『災害と医療』
仙南病院 早坂 弘人
今年の幕開けは令和6年能登半島地震の発生で、心穏やかにとは言えないものとなりました。私たちは平成23年の東日本大震災や、令和元年東日本台風の被災者となりました。日本でも令和2年1月に最初の感染者が確認された新型コロナウイルス感染症は、ある意味災害と呼べるようなダメージを今も残し続けています。
災害が起きれば、誰もがそれまで続けていた通常の生活ができなくなります。それどころか自身の生命が脅かされる危険さえあります。その時、自分の命を守るのは自分自身であると自覚しておかなければなりません。病気にかかる、怪我(けが)をするということは、それまで続けていた通常の生活ができなくなるという点で、災害の発生に通じるところがあります。
私たちは病院で勤務していますが、災害時には入院患者さんをどのように守ろうかと考えます。東日本大震災の際には水道も電気も止まり、余震が続き火災発生時の消火もままならない状況のなか、病院の中で一台だけ反射式石油ストーブを使いお湯を沸かし、焼酎用の4リットルのペットボトルにお湯を入れて湯たんぽ代わりにして配り、患者さんの低体温症を防ぎました。他にもいろいろな工夫をして危機を乗り切ったのですが、外来ではいつもの内服薬が切れたと受診する患者さんが多くいました。

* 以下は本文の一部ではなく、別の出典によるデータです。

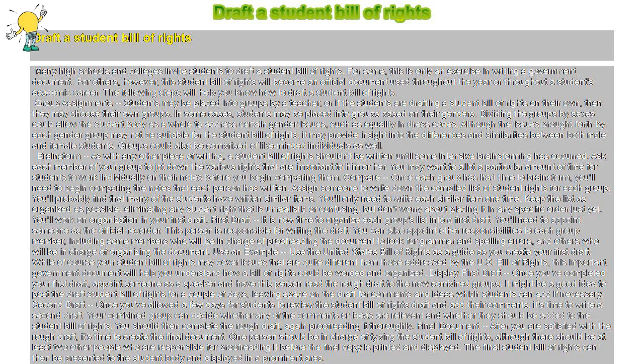Final document: After you are satisfied with the rough draft, it's time to create the final document. One person should be in charge of typing the Student Bill of Rights, although there should be at least two other people who are responsible for proofreading it before the final copy is printed and displayed. The final Student Bill of Rights can then be presented to the student body and displayed in a prominent area.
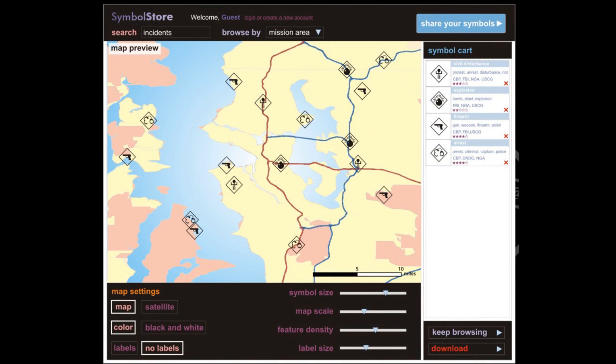Additionally, we envision the ability to test custom symbol sets by viewing the symbols that are currently in the symbol cart on prototypical maps.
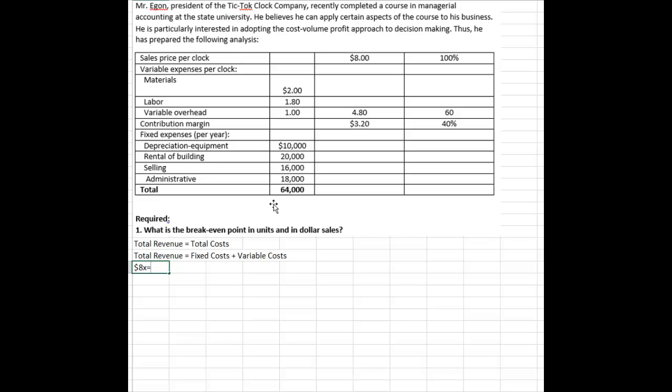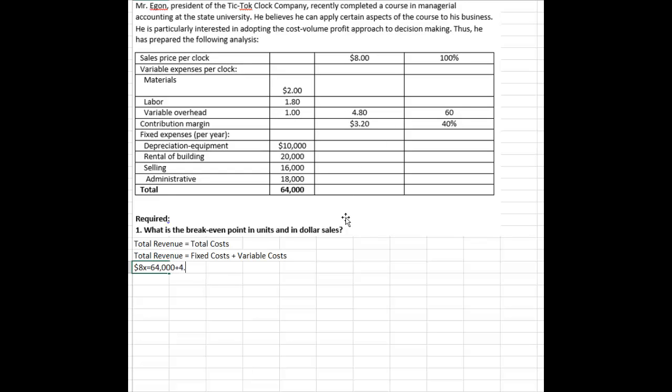And that's going to equal my fixed cost, which if we look at the schedule here, the $64,000 is my total fixed cost. We add to that my variable costs, which are laid out quite nicely here. They are $4.80 per unit sold, so it's 4.80X because we don't know how many we're going to sell.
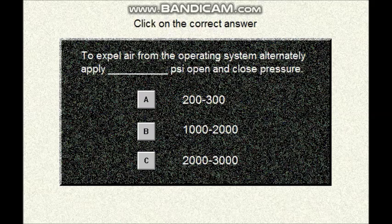Question number twenty. The last question. The exhaust air from the operating system — alternately apply 200 to 300 PSI, or 1,000 to 2,000 PSI, or 2,000 to 3,000 PSI?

疾患の中には、インスリンや心臓の薬のように薬剤を中止すると生命に関わるものもあります。災害時に必要な薬剤が必ず入手できるとは限りませんから、普段からある程度の余裕を持って薬を処方してもらうことをお勧めします。南海トラフ地震や富士山噴火、首都直下地震など、日本全国の物流に多大な影響を及ぼすと予想されているこれらの災害にも備えましょう。